**YOUR ASSIGNMENT:** Before copying, set the pictures aside; then repeat every line below verbatim.

**THE DATA:**
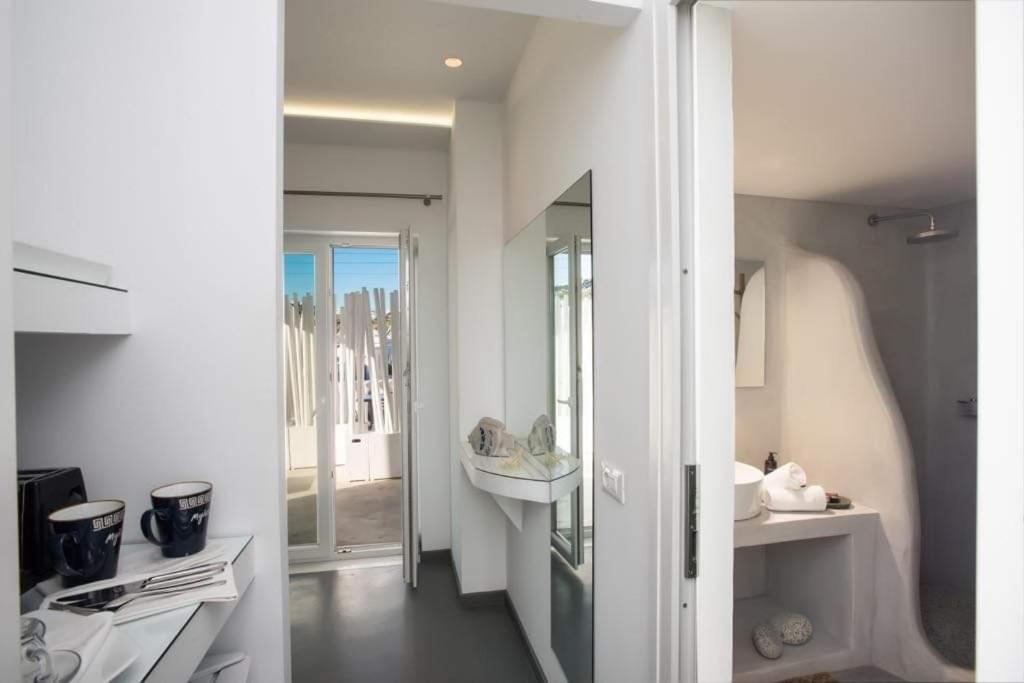 Jonaz Suites Mykonos Town Екстер'єр фото
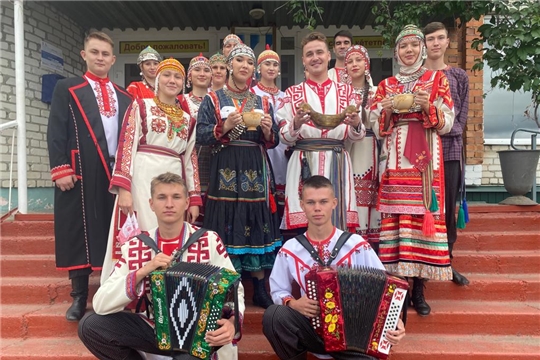 Фольклорный ансамбль «Янтал» стал победителем Межрегионального фестиваля-конкурса «Арт-парад»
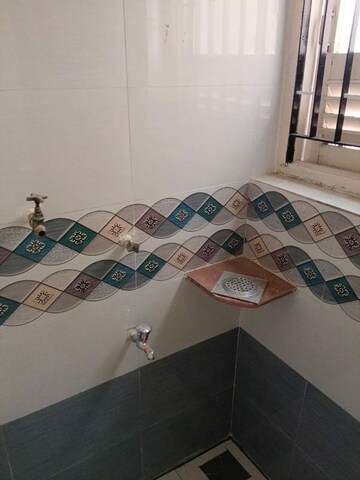 Master Bedroom in 2 BHK Apartment at Paldi – for Rent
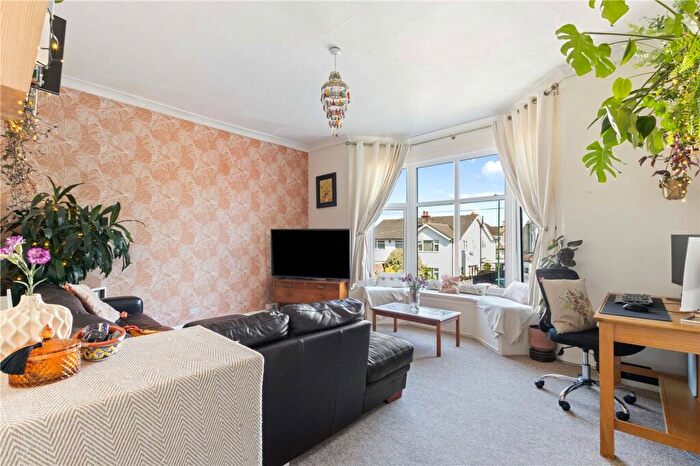 1 Bedroom Flat For Sale In Victoria Drive, Bognor Regis, PO21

**RESPONSE TO THIS EXERCISE:**
 Jonaz Suites Mykonos Town Екстер'єр фото
 Фольклорный ансамбль «Янтал» стал победителем Межрегионального фестиваля-конкурса «Арт-парад»
 Master Bedroom in 2 BHK Apartment at Paldi – for Rent
 1 Bedroom Flat For Sale In Victoria Drive, Bognor Regis, PO21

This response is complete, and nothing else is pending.